À ce moment-là on envie de lui dire : « Batiouchka… Vous êtes beau. Il ne restera plus de traces - à part
dans certains livres - de cette Russie merveilleuse dont vous nous parlez encore… ». « Celui qui viendra après
moi, murmure-t-il, ne sera pas le même parce qu'il sera plus jeune. Il sera un prêtre à deux faces ». Ce grand
patriote, prêtre authentique de l'Église de Constantinople, parle lentement, avec précision, de faits historiques
indéniables : « les bolcheviques ont brûlé toute une ville, Nicolaïevski, sur la rivière Amour, et les Américains
n'ont rien dit ». « En 1920 les bolcheviques voulaient envahir la France, la Pologne et la Belgique et en 1927
le juriste Nicolaï Mitarevski a découvert à l'ambassade soviétique à Pékin des documents qui font également
foi de plans d'envahissement de la Chine. Ces documents sont jalousement gardés au Canada… ». « Chaque jour, je
prie pour le Canada et pour sa liberté… ». Et mon interprète ajoute : « je sais aussi qu'il termine chacune
de ces messes, depuis des années, par une prière pour le tsar… ».
Historien et visionnaire.
Il passe ses journées plongé dans l'Histoire qu'il connaît dans ses moindres détails.

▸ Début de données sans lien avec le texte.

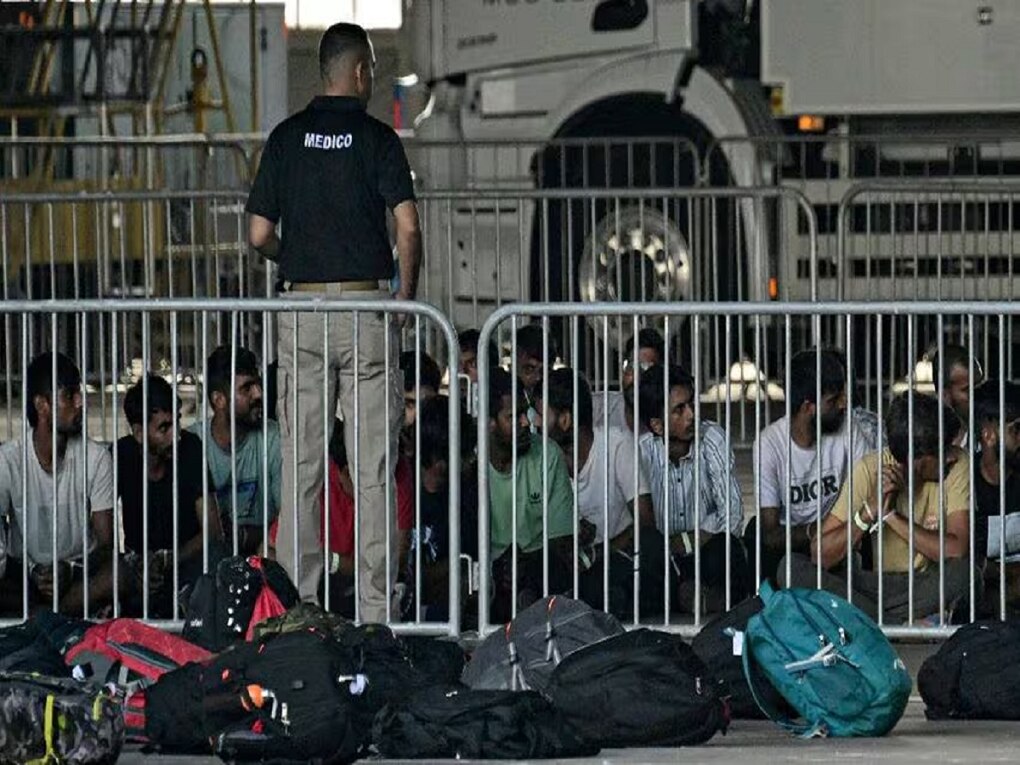 Landed Immigrants अमेरिका ते अमृतसर... 'त्या' भारतीयांचा हातपाय बांधून प्रवास; प्रत्येक ...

Mais il juge aussi l'avenir. Lorsqu'on a un aussi grand âge, on a beaucoup de choses à dire. Il aime parler. Il
parle beaucoup, comme s'il craignait de n'avoir pas le temps de tout dire : « le fait que les Russes blancs aient
été en Chine a évité pour 20 ans de retard, l'implantation du communisme… ». « Le couteau est fait pour couper
le pain. On s'en sert aussi pour tuer… ». « Nous arrivons devant deux chemins - il montre son index et son majeur
écartés - d'un côté il y a celui de la paix et, de l'autre, celui du désastre universel. La terre commence déjà à
punir l'homme. Déjà nous sommes arrivés au point de non-retour et nous sommes prisonniers de l'atome. C’est bien,
de prier, mais il ne faut pas rester les bras croisés : il y a encore trop de choses à faire. Ceux qui n'ont pas
encore perdu la tête devraient se battre contre ces dangers, contre la pollution de la planète et contre celle
des esprits. La jeunesse moderne a une lourde responsabilité et j'espère qu'elle le comprend déjà… ». Quel dommage,
encore, qu’il ne parle ni français, ni anglais. Il y aurait tant de choses à apprendre de lui ! Affectueusement,
il m'appelle Yvan-Michaeli Vasiliew… J'ai peur de n'avoir pas réussi cet article : quelle responsabilité que je
me sens sur les épaules lorsque cet homme vénérable m'a dit : « à la fin de ma vie, quelle grande chose que vous me
faites là, en me rendant hommage. C'est comme un grand cadeau du Canada à ma chère Russie… ». Un grand
cadeau du Canada à cette belle Russie de jadis… Voilà déjà que j'ai peur d'avoir mal utilisé les mots de ma langue.
Cet homme est si beau qu’il ne mérite pas d'être mal compris.